Detesto esta ferrugem, esta fraqueza. Quer dizer, nem sei se é fraqueza, talvez seja esperança! Não me atrevo a tentar saber de ti, tenho a certeza que estás guardado por aí num lugar sem ruído.
Agora lá fora começou a chover à parva... Em dias assim tinhas um hábito terrível e do qual tenho tantas saudades.

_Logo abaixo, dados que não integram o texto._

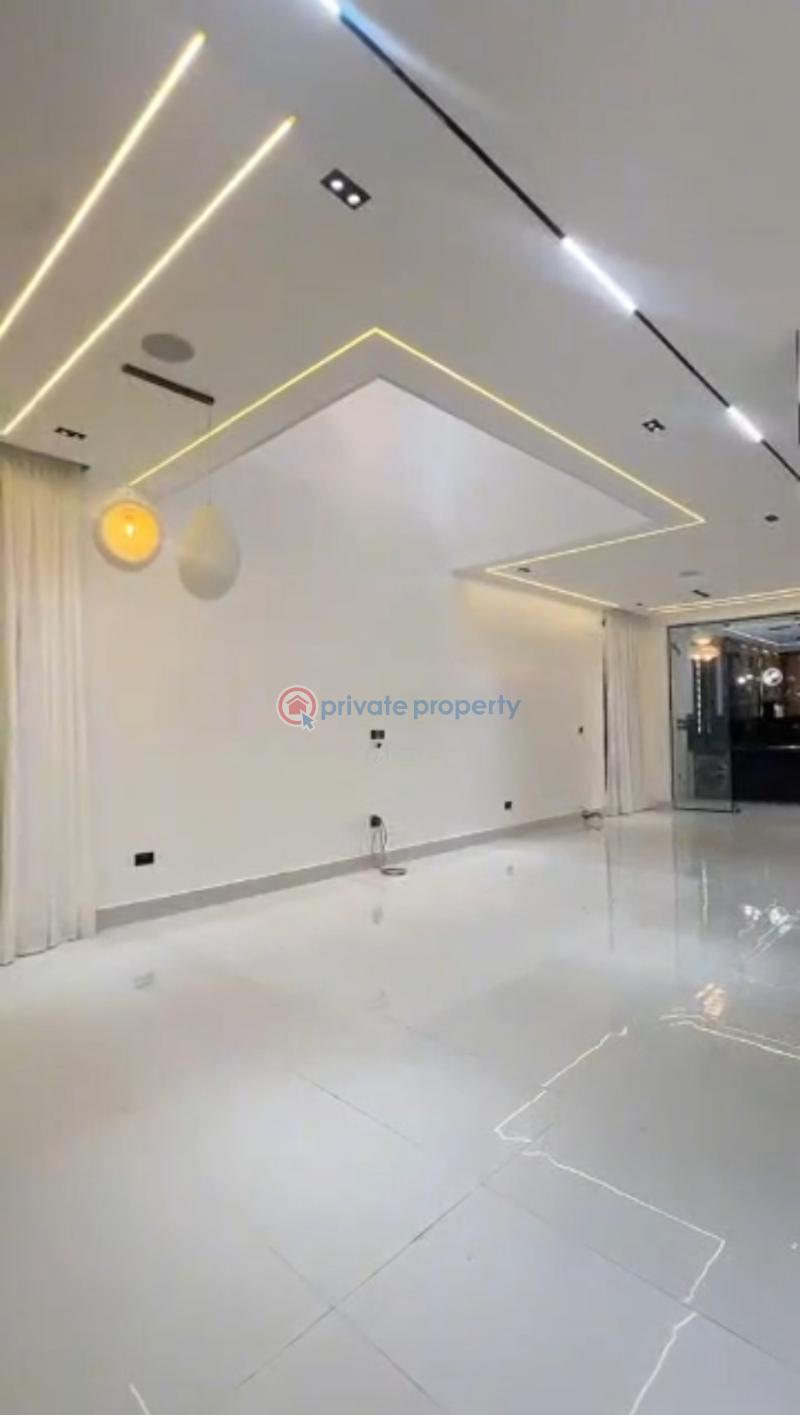 5 bedroom Detached Duplex For Sale Royal Pine Estate Lekki Lagos - 7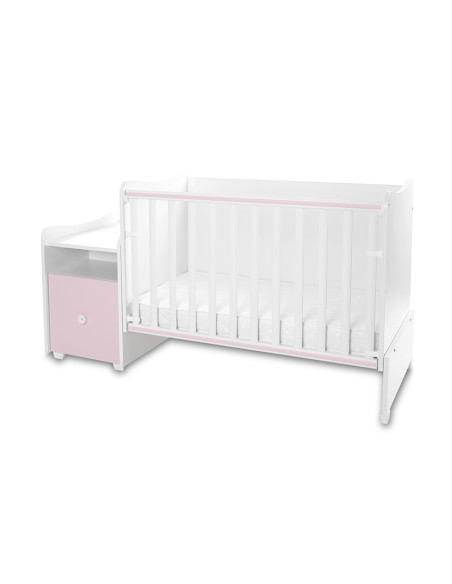 ЛЕГЛО TREND PLUS 70/160 ЦВЯТ БЯЛО/ORCHID PIN -3box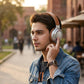 Wireless Over-Ear Headphones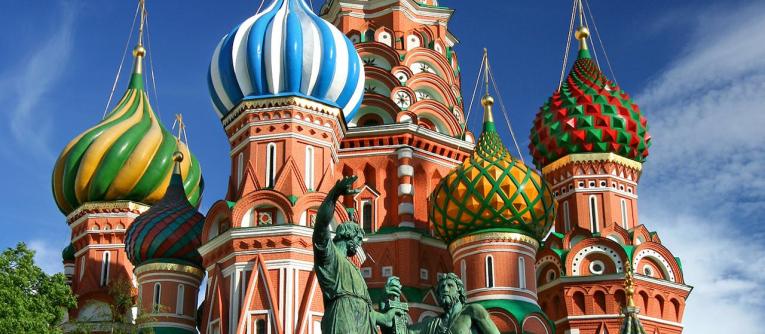 Civil Society Surfaced in Russia. And That's Bad News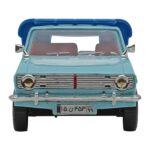 Price and Buy Iranian Paykan Toy Car – Pickup Model Perfect Collectible for Car Enthusiasts & Vintage Lovers - Image 5
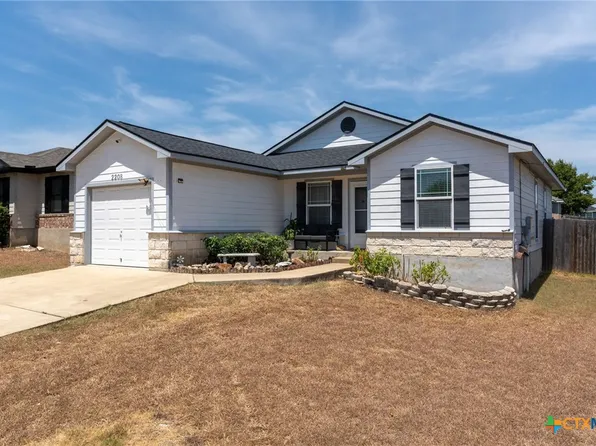 2208 Stoneham, Temple, TX 76504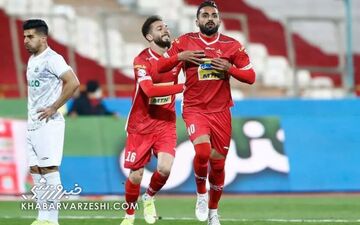 ۲ ستاره پرسپولیس در کابوس انتخاب یحیی/ یک سرخ‌پوش قربانی احساس دِین گل‌محمدی!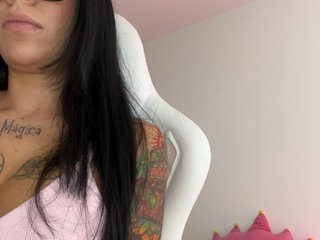 Juanita-Fox Porn Show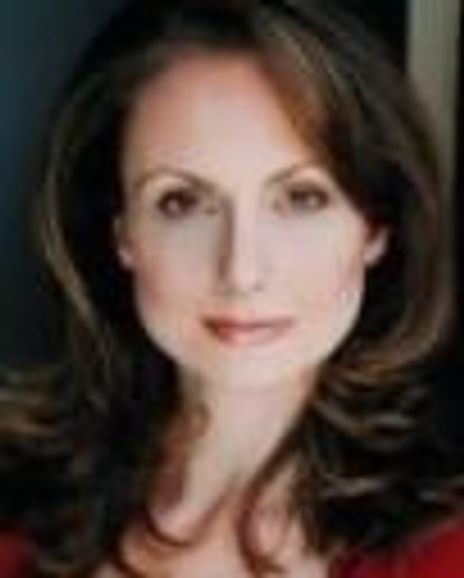 Tamara Jenkins Headshot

Quando o céu se entornava desta forma, abrias todas as janelas para que o apartamento ficasse com o cheiro da chuva. Não consigo evitar que um sorriso me suba até às bochechas com esta lembrança. É tudo tão estranho e tão vivo. Não vivo ancorada no passado, não vivo mesmo, mas a verdade é que tenho receio que as memórias tenham duração e data de validade e se esgotem, levando esta coisa no peito a tornar-se invisível.Existem afetos que só subsistem com a reinvenção constante da ternura. Talvez, por esse motivo, tenha comprado aquela ginja de Óbidos com copos de chocolate. Quando a bebíamos eram minutos até nos abotoarmos um no outro. O que eu não dava para que te lembrasses de mim abotoada em ti num segundo que fosse.
De noite é pior, acordas-me muitas vezes, talvez porque na maior parte do tempo te mantenho agrilhoado cá dentro e, durante o sono, escapas-te como um miúdo traquina que salta sorrateiramente pela janela. Fico sem sono, ligo a televisão, nem sei para quê. É tudo tão irreal, a vida a consumir-se transfigurada e artificial, indistinta da estupidez. E tu, intacto, a passear de lanterna acesa dentro do sótão da minha cabeça.
Vou vestir o pijama, esparramar-me no sofá antes que as pálpebras trémulas ocupem lugar à frente dos olhos e, hoje, prometo que só hoje, mesmo que não estejas, vou beber uma ginja em copo de chocolate para que nunca te desabotoes de mim.